写真中央奥のこんもりした山が三光寺山で、その手前が西谷です。

かつて城主が見たであろう、天守最上階からの城下の光景。

天守を出てすぐ西に見える、石垣です。

天守が建つ城山はチャートで構成されており、天守台石垣にもチャートが使われているようです。

 

本丸を出ます。

大手道西側に沿って階段状に積まれた石垣の奥に見える樅の丸の東面石垣は、古そうに見えます。

黒門跡のすぐ東にある石段は後世に築かれたもので、当時ここに桐の丸への出入口は無かったようです。

それぞれ独立した曲輪だった桐の丸と松の丸をつなぐ石段が築かれ、行き来ができるようになっています。石段の数で、桐の丸と松の丸の高低差が分かります。

これは当時の石垣かもしれない……と思い撮影しましたが、松の丸南側は曲輪形状が大きく改変されており、南面石垣の位置はもっと北側だったようです。

お城の東を流れる郷瀬川は明治期に開削された人工河川で、この川により東側の縄張りは大きく改変され、遺構はほとんど残っていない模様です。

多くの遺構が失われた東側で奇跡的に残る、城郭北東隅の丑寅櫓台石垣です。大木が生え、状態は良くないですが、貴重な遺構です。

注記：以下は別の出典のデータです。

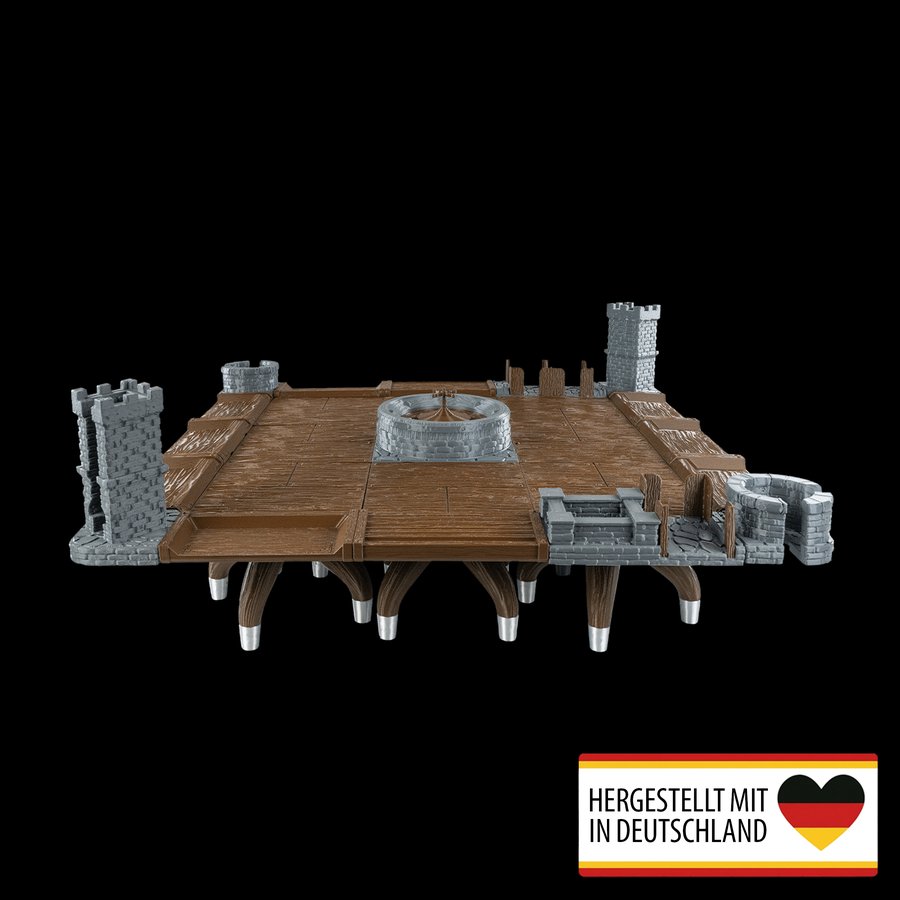 Spieltisch des Royalen Hofes - Königlicher Spaß für Zuhause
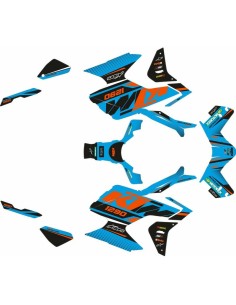 Kit Adhesivos Completo KTM 1290 Super Adventure R 21-.. Cyan
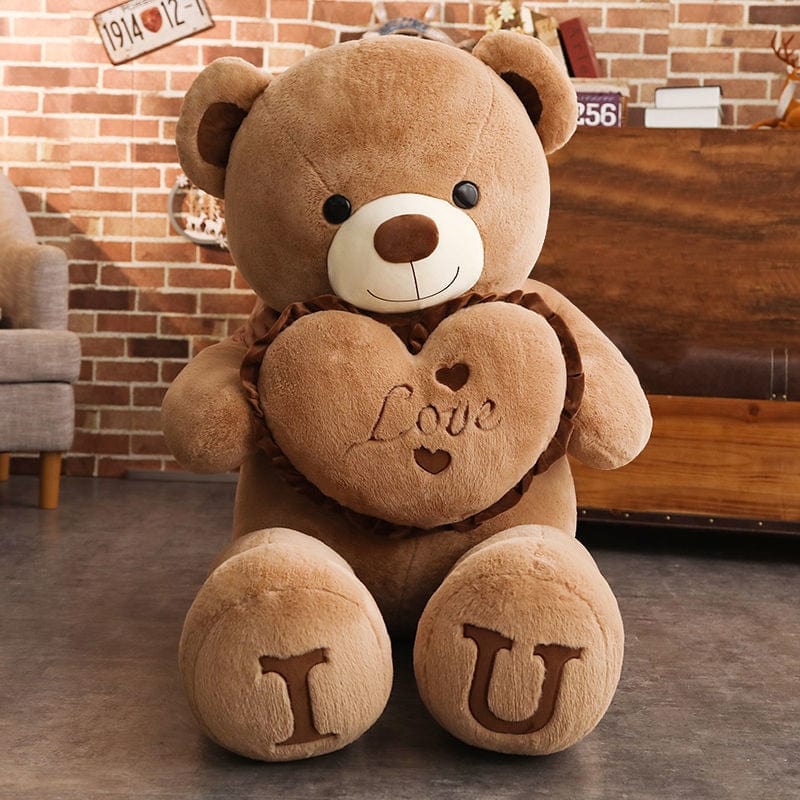 Grand Ours en Peluche - Ultra Doux Cadeau pour Tous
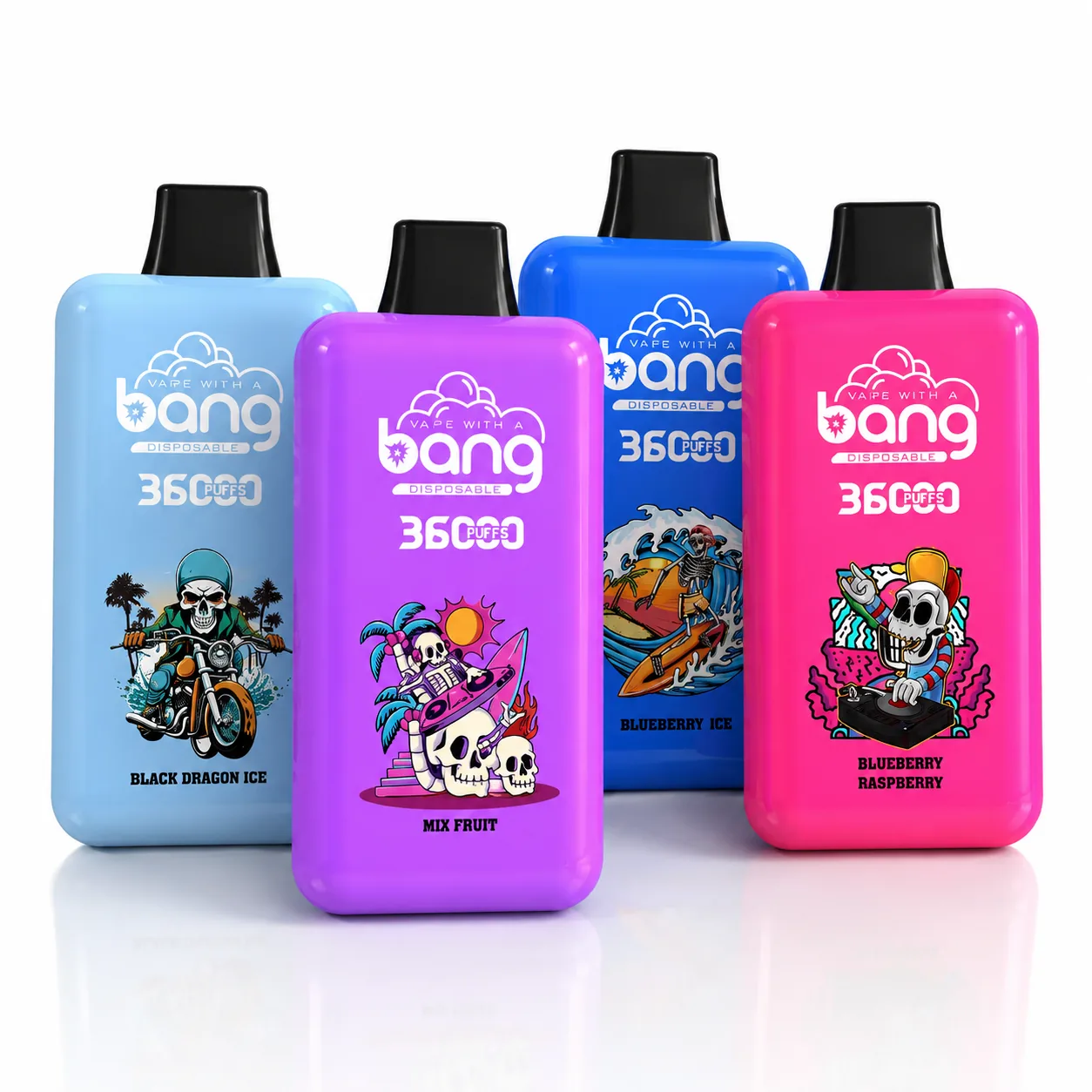 Bang B36S 36000 Puffs Disposable Vape - Origin Direct mixed flavor disposable vape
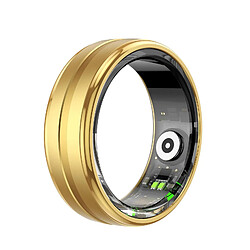 Bague Connectée Or Suivi Santé Sport Étanche Bluetooth Longue Autonomie Or YONIS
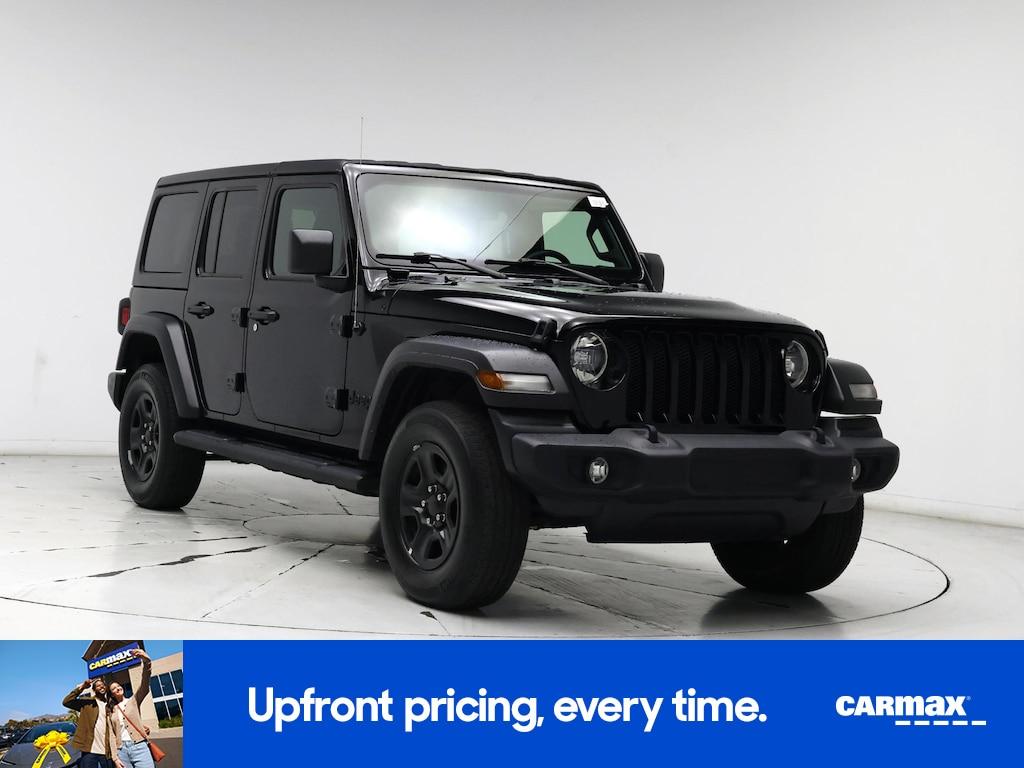 used 2022 Jeep Wrangler car, priced at $29,998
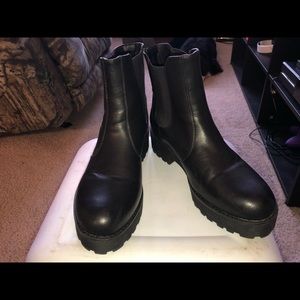 Black Booties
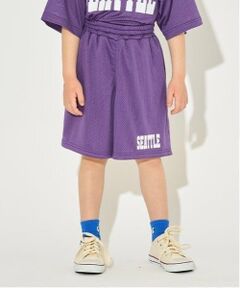 b・ROOM / ビールーム ショート・ハーフ・半端丈パンツ | 【セットアップ可能】メッシュハーフパンツ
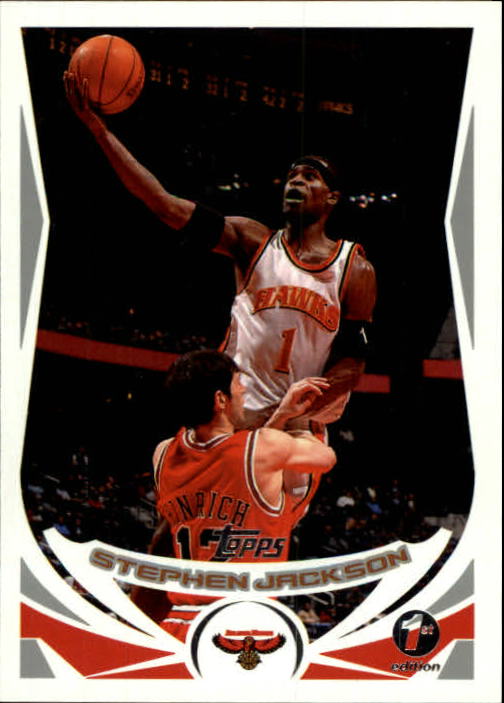 2004-05 Topps First Edition #37 Stephen Jackson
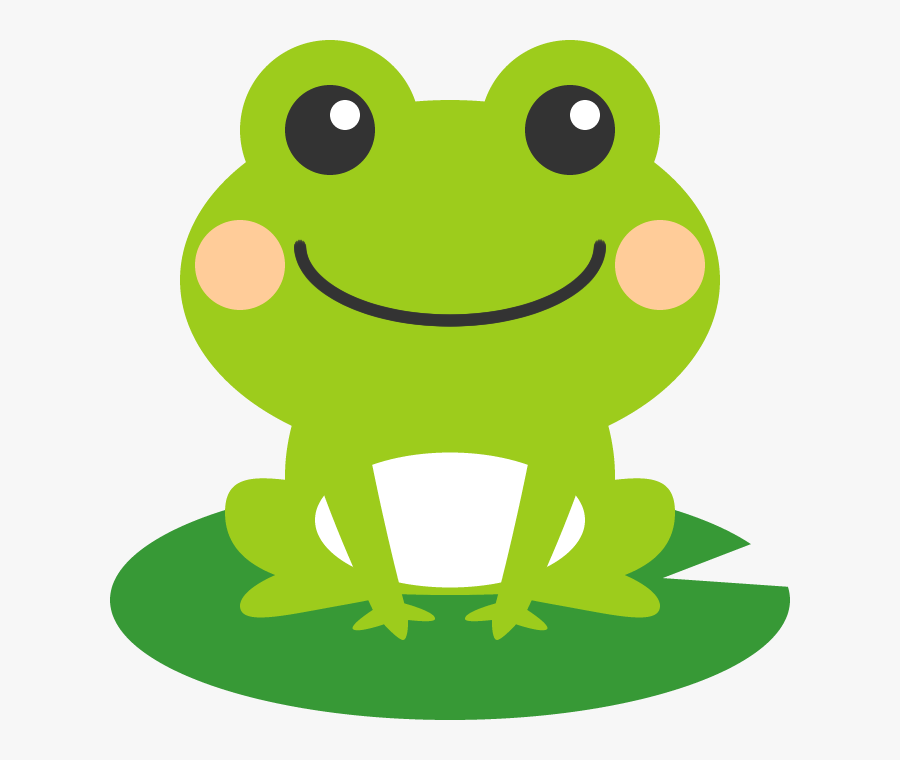 Frogs Clipart Template - Clipart Frog, Transparent Clipart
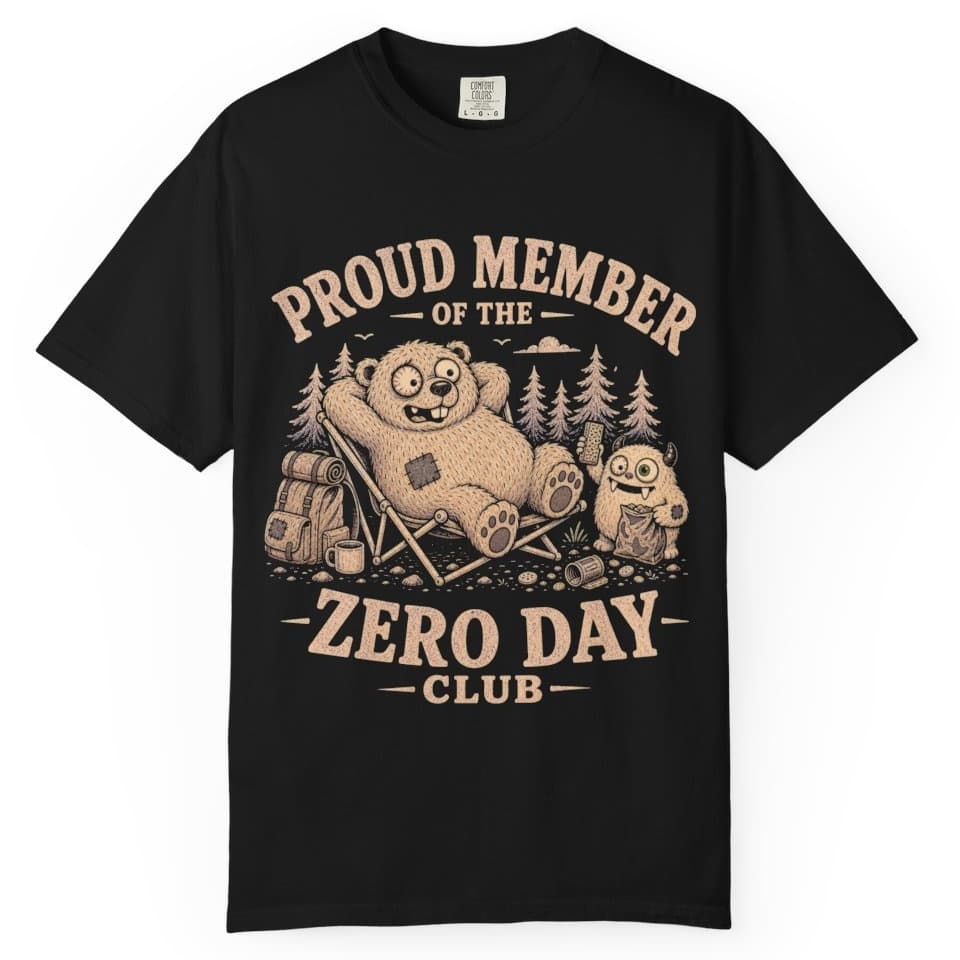 Zero Day Royalty t-shirt in Black, photo 1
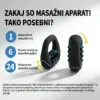 RolloMax™ električni masažni valjček za telo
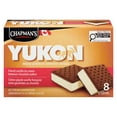 thumbnail image 1 of Chapman's Yukon Orignal Sandwich à la Crème Glacée à la Vanille Française Emballé dans un Carton 8 x 150mL, 1 of 5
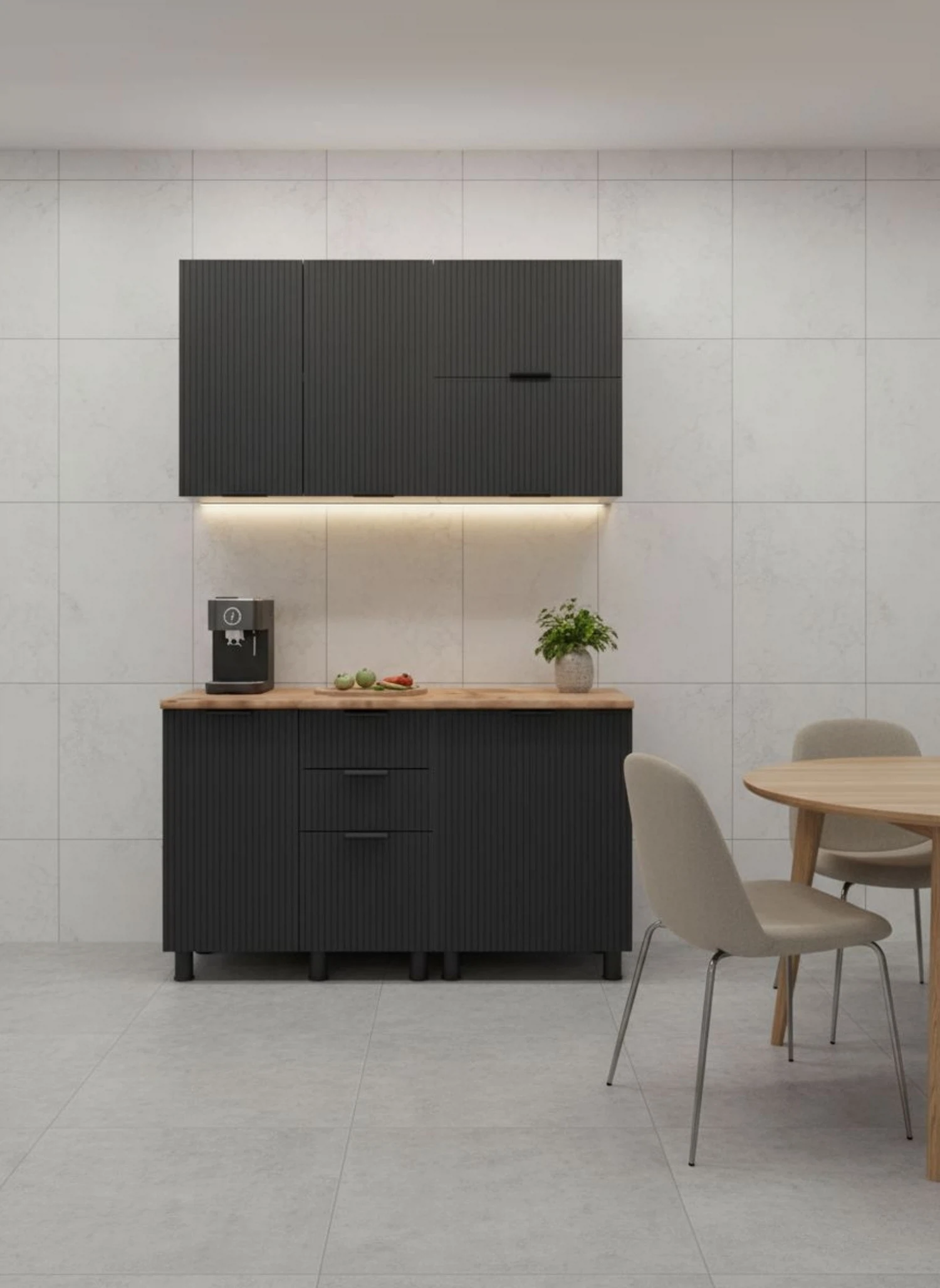 Изображение товара Комплект Лотос Арника Мебель — современная кухонная мебель 1400x600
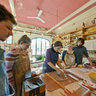 ECU Ceramics Class at La Meridiana
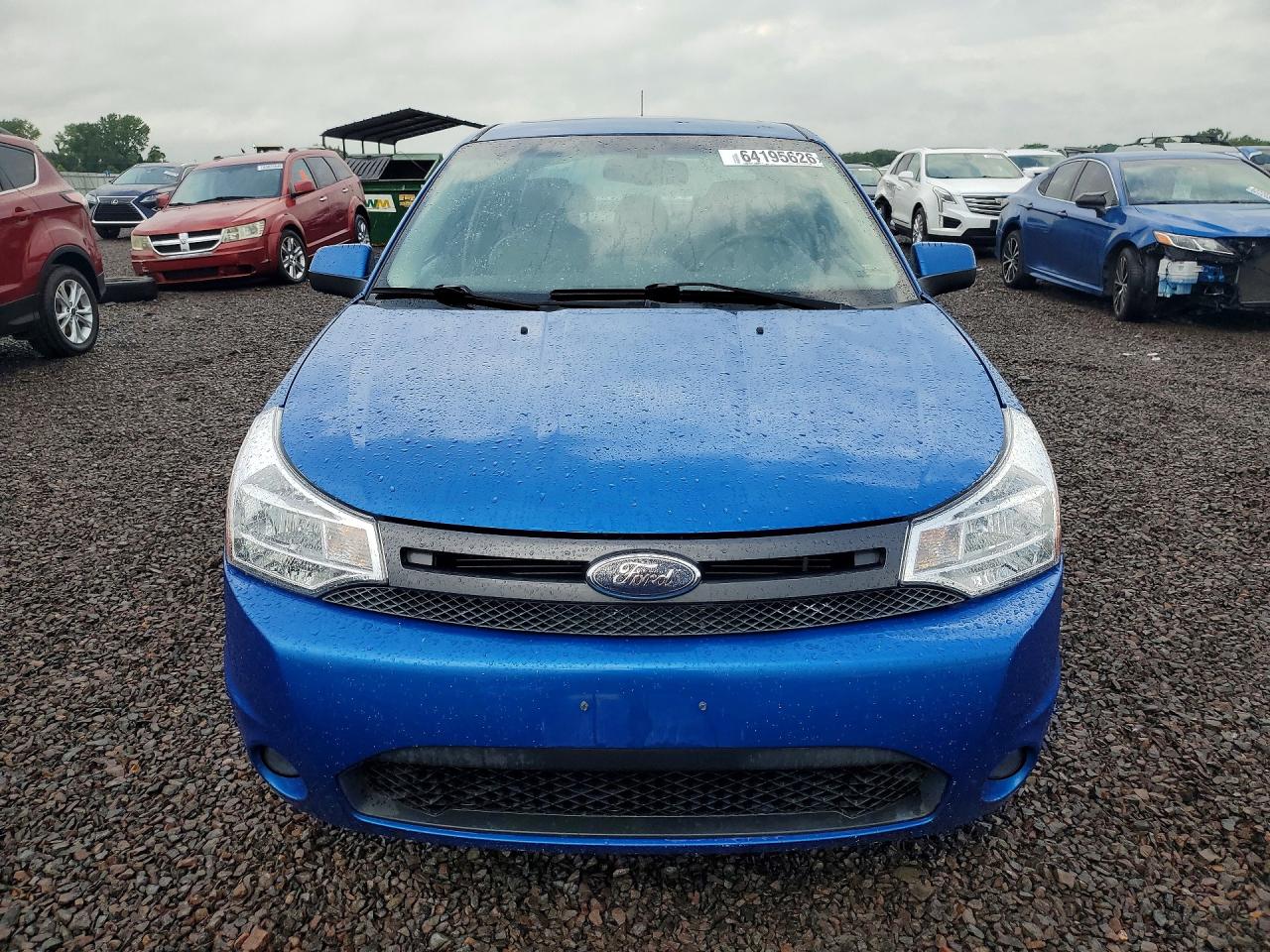 2010 Ford Focus Ses Синий vin: 1FAHP3GN0AW190498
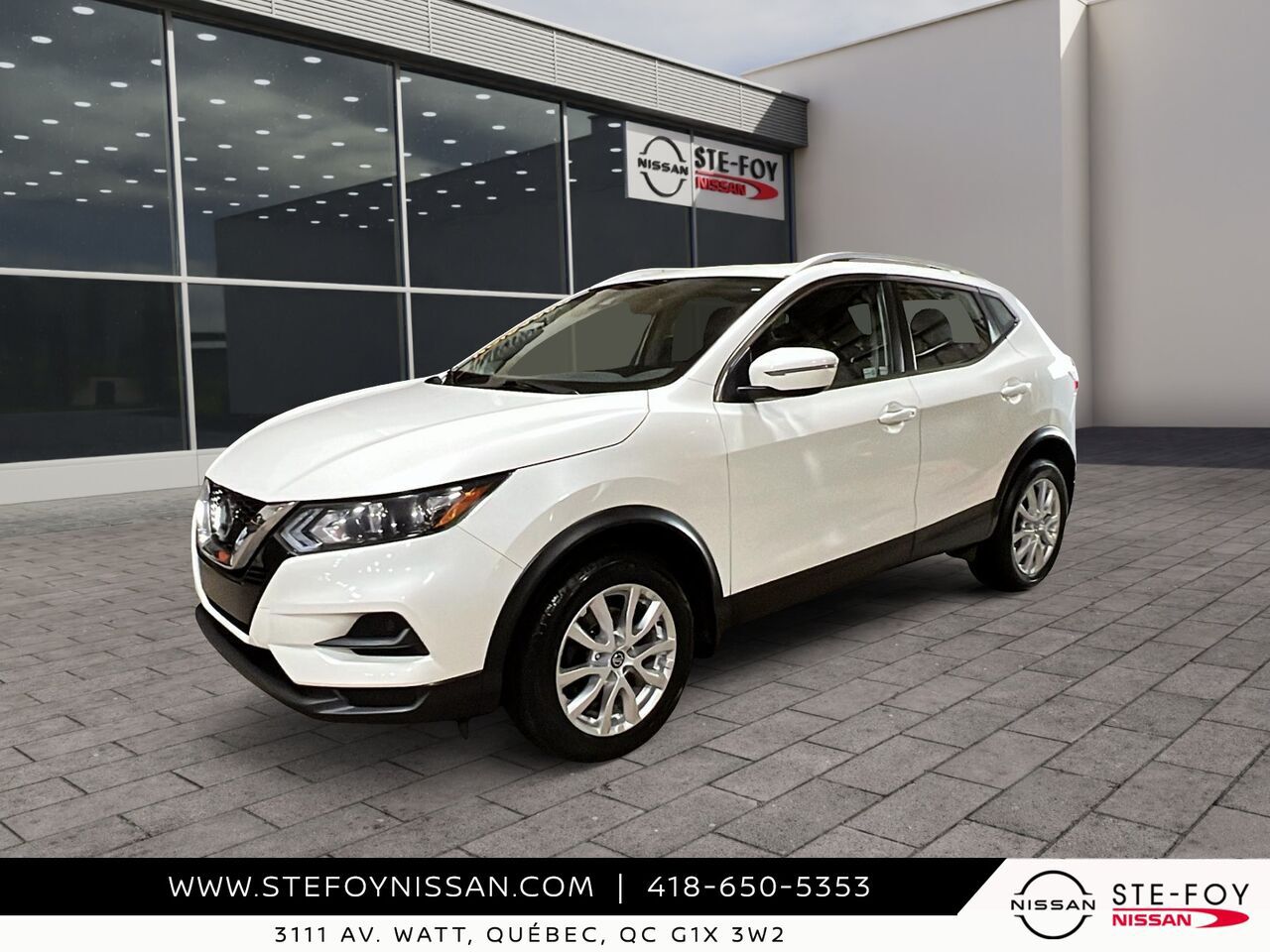 2022 Nissan Qashqai White Ste-Foy - photo #0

郷瀬川の東にあるホテルの駐車場には、外堀跡と言われる池が残っています。当時この付近には馬出があり、内田門が建っていたようです。

ホテルの敷地には国宝茶室「如庵」を有する日本庭園・有楽苑がありますが、犬山城とは関係ありません。

有楽苑の東、名鉄犬山線の線路を越えた所にある瑞泉寺には、移築された内田門が現存しています。

絵図や復元模型では櫓門ですが、移築の際に櫓部分が撤去されたのか、現在は薬医門のような外観です。

 

締めは、天守です。

優美な姿が、青空に映えます。

 

前回の訪問がまだお城にのめり込む前で、ようやくちゃんと見て回れた感があります。しかしながら城下町の西にある移築松の丸裏門を見逃し、まだまだ未訪のエリアも多く、さらにしっかり下調べをした上で再訪したいと思います。

日本100名城スタンプラリー、こちらで39城目となります。

 

素敵なお城でした。ありがとう。